══ Dataset excerpts ══

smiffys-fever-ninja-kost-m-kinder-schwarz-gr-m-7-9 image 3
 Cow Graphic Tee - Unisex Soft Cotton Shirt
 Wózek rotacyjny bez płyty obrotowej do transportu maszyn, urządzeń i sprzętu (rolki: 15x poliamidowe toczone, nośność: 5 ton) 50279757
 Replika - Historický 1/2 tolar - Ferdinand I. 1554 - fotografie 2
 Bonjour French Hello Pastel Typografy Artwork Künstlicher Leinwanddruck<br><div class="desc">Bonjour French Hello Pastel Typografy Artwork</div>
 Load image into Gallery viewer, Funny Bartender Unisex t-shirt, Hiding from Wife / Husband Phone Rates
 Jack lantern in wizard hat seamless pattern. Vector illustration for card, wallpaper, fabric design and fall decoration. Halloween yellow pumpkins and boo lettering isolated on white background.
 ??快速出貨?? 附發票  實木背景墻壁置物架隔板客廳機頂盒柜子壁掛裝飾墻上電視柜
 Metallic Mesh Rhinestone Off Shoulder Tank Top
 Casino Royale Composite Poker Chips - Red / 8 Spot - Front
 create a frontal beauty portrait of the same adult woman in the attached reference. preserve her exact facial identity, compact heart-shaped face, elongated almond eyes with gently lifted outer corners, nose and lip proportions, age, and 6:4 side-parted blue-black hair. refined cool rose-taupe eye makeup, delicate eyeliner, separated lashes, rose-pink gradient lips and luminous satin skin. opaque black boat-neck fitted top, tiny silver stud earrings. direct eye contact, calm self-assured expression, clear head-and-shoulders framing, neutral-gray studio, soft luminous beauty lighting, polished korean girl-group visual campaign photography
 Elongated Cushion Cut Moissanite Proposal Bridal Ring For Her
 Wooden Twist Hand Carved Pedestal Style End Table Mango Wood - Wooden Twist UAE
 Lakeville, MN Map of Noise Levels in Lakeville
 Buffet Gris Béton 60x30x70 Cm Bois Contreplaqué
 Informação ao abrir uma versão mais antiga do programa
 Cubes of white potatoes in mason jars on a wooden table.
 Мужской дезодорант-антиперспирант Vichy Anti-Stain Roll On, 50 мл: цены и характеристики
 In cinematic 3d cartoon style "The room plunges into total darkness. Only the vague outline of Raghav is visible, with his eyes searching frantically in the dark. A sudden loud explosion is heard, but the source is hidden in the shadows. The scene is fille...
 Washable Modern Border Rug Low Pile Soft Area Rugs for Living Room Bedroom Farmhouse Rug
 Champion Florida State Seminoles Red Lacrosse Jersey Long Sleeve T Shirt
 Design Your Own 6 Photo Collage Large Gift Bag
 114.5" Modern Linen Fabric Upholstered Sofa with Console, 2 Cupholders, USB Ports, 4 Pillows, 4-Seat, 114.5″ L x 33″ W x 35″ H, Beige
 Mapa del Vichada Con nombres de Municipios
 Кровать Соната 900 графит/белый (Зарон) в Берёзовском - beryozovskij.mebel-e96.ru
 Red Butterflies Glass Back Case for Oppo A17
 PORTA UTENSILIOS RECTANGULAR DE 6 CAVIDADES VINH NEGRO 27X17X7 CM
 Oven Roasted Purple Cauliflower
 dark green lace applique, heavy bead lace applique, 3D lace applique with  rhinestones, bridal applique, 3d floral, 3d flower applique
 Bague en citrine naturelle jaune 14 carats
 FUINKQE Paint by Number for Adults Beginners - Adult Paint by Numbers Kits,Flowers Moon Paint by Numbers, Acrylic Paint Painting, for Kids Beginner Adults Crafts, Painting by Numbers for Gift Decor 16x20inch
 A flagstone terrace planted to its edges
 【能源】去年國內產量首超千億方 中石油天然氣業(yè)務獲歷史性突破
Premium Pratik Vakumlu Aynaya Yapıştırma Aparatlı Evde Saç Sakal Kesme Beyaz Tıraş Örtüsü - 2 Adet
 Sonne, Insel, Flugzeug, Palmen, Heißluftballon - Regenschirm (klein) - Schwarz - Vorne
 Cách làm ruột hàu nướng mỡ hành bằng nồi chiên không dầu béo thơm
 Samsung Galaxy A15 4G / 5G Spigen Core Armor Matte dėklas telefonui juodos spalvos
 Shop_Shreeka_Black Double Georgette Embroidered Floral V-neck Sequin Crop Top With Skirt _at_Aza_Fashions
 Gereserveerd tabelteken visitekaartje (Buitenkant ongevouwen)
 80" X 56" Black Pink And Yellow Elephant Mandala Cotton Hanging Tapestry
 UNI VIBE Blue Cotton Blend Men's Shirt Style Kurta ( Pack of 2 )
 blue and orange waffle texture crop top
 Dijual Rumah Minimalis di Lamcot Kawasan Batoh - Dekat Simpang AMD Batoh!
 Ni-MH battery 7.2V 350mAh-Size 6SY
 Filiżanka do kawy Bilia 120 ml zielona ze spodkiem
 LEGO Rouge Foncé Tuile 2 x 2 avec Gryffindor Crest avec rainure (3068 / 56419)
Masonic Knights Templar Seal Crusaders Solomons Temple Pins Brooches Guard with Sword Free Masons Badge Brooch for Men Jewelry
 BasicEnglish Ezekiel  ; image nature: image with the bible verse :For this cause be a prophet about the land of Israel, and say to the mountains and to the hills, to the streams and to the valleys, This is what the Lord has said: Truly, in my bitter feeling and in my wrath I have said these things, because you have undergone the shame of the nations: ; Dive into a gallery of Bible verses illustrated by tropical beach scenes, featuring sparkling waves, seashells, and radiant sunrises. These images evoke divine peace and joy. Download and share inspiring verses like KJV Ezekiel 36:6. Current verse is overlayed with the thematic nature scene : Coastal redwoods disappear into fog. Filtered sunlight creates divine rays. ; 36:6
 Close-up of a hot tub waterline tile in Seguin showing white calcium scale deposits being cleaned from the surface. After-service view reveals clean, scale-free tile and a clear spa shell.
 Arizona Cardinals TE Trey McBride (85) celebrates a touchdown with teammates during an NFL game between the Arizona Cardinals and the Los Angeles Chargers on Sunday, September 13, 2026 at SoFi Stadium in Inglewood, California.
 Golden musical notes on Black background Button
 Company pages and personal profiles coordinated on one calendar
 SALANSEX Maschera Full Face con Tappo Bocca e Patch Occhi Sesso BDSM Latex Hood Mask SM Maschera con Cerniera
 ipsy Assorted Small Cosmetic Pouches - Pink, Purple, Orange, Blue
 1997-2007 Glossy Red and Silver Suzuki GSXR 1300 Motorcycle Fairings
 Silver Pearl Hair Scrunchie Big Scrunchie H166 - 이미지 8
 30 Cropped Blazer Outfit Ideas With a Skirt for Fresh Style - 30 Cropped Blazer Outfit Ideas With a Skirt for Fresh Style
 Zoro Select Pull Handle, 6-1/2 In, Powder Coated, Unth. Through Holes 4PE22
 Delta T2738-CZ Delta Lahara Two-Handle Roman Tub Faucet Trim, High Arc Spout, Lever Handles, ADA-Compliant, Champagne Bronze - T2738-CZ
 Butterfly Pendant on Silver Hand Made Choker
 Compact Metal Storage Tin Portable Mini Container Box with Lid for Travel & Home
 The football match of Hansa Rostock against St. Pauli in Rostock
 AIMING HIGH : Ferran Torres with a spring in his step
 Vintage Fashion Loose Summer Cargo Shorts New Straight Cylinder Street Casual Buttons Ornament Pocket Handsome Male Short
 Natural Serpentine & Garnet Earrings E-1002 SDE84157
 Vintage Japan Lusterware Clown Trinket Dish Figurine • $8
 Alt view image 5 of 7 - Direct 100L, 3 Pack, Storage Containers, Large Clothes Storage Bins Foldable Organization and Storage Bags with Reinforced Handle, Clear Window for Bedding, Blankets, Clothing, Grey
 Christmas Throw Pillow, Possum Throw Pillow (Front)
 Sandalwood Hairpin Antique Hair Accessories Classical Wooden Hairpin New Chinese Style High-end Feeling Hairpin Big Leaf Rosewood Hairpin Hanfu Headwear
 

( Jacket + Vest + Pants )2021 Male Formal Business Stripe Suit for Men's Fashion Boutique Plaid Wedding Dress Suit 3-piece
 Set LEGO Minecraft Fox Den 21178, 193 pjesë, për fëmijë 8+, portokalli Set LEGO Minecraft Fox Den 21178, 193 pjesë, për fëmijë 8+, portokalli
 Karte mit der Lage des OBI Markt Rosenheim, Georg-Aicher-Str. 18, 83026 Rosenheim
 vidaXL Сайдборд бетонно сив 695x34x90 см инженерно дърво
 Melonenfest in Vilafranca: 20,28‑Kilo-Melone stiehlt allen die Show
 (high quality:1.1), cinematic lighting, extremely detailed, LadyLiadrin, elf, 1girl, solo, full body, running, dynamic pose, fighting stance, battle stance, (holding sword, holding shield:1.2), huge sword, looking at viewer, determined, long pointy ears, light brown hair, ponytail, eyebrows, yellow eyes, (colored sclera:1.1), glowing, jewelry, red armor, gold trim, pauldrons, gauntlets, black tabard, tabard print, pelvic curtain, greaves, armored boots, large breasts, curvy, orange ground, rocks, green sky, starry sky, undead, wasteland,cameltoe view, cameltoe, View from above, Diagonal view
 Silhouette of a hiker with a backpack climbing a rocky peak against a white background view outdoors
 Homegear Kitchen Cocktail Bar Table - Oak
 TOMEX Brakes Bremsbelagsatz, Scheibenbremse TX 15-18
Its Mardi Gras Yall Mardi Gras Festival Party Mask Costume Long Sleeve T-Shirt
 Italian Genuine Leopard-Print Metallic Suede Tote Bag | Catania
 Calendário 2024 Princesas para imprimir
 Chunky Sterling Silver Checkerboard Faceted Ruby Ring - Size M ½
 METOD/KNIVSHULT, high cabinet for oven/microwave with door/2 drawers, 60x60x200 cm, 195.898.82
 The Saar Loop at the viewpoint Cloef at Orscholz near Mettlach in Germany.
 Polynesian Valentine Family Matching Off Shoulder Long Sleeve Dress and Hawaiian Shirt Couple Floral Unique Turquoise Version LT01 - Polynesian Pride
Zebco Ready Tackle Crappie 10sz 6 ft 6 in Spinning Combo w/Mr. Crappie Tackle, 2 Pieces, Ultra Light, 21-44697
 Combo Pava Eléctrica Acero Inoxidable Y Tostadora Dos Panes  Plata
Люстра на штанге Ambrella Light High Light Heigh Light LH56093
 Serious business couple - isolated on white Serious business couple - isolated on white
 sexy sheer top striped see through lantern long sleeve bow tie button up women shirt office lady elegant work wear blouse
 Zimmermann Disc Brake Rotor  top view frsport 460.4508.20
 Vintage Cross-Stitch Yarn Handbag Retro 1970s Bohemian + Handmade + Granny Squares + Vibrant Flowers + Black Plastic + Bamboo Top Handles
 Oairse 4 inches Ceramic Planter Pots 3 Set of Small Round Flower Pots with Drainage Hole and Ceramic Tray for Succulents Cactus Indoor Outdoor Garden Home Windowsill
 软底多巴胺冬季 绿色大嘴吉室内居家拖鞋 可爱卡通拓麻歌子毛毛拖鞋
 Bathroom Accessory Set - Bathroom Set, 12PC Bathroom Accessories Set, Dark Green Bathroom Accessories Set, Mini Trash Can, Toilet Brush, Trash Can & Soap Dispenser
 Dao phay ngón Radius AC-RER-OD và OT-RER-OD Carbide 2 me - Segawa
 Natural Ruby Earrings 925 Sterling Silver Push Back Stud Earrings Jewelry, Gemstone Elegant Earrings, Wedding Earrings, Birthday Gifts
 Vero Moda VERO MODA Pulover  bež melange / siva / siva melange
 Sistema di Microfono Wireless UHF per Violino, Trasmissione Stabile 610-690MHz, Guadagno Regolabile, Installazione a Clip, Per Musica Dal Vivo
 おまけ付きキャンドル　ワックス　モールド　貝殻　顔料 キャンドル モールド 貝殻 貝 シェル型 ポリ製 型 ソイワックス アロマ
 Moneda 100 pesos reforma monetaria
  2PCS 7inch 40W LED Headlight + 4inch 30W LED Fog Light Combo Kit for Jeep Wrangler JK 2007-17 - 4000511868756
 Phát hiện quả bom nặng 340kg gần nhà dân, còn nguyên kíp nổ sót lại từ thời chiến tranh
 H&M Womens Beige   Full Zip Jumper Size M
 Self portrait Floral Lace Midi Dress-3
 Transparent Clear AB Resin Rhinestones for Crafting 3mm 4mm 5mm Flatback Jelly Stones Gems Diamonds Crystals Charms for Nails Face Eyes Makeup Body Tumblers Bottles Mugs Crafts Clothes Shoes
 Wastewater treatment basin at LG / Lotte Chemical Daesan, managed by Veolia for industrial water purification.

═══

• _Exercise description_: Starting with the line that holds "Natural Serpentine &" and ending with the line that holds "Melonenfest in Vilafranca: 20,28‑Kilo-Melone", retype every line in the data above exactly, and nothing else.

• _Your solution_:
 Natural Serpentine & Garnet Earrings E-1002 SDE84157
 Vintage Japan Lusterware Clown Trinket Dish Figurine • $8
 Alt view image 5 of 7 - Direct 100L, 3 Pack, Storage Containers, Large Clothes Storage Bins Foldable Organization and Storage Bags with Reinforced Handle, Clear Window for Bedding, Blankets, Clothing, Grey
 Christmas Throw Pillow, Possum Throw Pillow (Front)
 Sandalwood Hairpin Antique Hair Accessories Classical Wooden Hairpin New Chinese Style High-end Feeling Hairpin Big Leaf Rosewood Hairpin Hanfu Headwear
 

( Jacket + Vest + Pants )2021 Male Formal Business Stripe Suit for Men's Fashion Boutique Plaid Wedding Dress Suit 3-piece
 Set LEGO Minecraft Fox Den 21178, 193 pjesë, për fëmijë 8+, portokalli Set LEGO Minecraft Fox Den 21178, 193 pjesë, për fëmijë 8+, portokalli
 Karte mit der Lage des OBI Markt Rosenheim, Georg-Aicher-Str. 18, 83026 Rosenheim
 vidaXL Сайдборд бетонно сив 695x34x90 см инженерно дърво
 Melonenfest in Vilafranca: 20,28‑Kilo-Melone stiehlt allen die Show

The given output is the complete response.